Custom Trigger Condition - Trigger alert only if device is down for an hour

Hello all,

I’ve been stuck for a while on setting a few custom alerts. Tbh i might overthinking it but i would appreciate any thoughts on this.

So, i have heartbeat checking a few IoT devices to see if they are up or down. (Yes, simple as that :P)
My problem though is that i want to alert only if a device is down more than an hour.

This means that, i will need to divide this hour and have it run every 20 minutes to achieve 3 checks. If all these three checks end up to be down, then send an email.

Ok, now i know that i might have to use either Trigger Condition or Query to define all these but its too unfamiliar to me.

Any thoughts/guidance would be really appreciated.

Thanks for your time.

Best,
Dimitris

Hi @dimitris,

One possible configuration for your Monitor could be that you have your query check for the last hour (how frequently the Monitor itself runs is up to you). Then for your Trigger condition, it will depend on what exactly your heartbeat metric looks like but let’s say for example it was a field that is being indexed into a log index that the Monitor will be checking over. We’ll call this field is_iot_device_up and this can be a boolean that is true when the heartbeat reports the device being up and false when it’s down.
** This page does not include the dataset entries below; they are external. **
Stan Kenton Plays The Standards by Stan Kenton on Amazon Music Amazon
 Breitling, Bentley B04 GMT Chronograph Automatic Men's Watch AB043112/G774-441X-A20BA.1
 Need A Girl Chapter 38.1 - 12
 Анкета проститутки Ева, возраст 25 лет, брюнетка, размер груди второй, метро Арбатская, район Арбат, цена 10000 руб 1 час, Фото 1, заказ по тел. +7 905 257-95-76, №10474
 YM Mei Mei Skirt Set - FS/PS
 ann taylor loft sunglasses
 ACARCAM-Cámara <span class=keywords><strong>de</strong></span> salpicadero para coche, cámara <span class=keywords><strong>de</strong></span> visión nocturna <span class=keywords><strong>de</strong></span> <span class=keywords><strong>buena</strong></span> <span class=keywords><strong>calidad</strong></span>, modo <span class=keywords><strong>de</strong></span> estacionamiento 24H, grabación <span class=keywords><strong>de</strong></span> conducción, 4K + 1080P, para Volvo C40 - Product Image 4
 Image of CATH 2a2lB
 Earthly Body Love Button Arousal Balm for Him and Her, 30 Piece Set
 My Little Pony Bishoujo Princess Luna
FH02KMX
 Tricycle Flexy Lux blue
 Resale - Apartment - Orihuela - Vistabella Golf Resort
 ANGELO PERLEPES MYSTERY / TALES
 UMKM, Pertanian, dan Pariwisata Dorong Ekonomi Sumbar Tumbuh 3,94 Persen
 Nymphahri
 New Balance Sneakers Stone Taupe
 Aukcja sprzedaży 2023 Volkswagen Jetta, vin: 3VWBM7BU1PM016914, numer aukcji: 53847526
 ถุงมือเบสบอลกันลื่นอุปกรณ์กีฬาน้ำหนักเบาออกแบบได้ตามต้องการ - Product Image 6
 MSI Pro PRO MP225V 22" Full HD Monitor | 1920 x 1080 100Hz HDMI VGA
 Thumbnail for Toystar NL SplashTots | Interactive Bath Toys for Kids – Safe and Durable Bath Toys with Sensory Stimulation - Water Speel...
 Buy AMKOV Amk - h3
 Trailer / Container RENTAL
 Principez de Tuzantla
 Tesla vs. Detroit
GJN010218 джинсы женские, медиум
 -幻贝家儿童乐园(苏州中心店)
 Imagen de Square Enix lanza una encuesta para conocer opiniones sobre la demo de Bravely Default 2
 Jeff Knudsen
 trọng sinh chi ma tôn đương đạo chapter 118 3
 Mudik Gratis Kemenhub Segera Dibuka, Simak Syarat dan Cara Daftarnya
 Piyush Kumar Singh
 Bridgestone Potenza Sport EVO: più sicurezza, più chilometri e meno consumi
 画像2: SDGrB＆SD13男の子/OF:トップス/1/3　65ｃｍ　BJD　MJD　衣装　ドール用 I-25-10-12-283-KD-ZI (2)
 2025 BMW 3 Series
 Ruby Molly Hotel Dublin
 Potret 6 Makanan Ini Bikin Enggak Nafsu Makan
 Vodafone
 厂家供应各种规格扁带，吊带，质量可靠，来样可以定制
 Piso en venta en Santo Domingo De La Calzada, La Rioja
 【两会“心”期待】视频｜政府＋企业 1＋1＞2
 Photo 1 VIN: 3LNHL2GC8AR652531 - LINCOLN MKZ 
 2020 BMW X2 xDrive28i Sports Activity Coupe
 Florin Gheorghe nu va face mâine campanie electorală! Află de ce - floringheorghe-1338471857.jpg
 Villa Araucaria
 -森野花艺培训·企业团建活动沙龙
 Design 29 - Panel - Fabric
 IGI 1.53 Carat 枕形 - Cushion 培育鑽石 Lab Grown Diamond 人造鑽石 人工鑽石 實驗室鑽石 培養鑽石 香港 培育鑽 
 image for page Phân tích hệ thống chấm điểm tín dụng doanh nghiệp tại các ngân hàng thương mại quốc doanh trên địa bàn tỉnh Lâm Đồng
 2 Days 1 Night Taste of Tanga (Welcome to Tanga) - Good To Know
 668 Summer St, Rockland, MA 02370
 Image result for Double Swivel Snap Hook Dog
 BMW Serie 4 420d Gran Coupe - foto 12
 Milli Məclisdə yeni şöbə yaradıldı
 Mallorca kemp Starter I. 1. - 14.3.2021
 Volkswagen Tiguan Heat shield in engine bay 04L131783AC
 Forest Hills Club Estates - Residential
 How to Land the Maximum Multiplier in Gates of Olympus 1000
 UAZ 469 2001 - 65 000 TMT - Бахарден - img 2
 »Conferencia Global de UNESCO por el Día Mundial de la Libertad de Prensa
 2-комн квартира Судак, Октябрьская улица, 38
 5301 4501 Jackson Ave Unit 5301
So with that you can have your Trigger condition be something like:

def deviceWasDown = false;
for (hit in ctx.results[0].hits.hits) {
	if (!hit._source.is_iot_device_up) {
		deviceWasDown = true;
	}
}

return deviceWasDown;

This would mean the Trigger condition is met if any of the documents in the last hour show the device being down. The downside here is that if the metric is being reported often and there was small transient downtime, the condition is still met with the example above.

To avoid a situation like that, you could change the query to also be a date histogram aggregation so that you could bucket the documents into time intervals of your choosing and then iterate over those buckets to have more control over the occurrence count of the downtime for your Trigger condition.

Let me know if you have any other questions.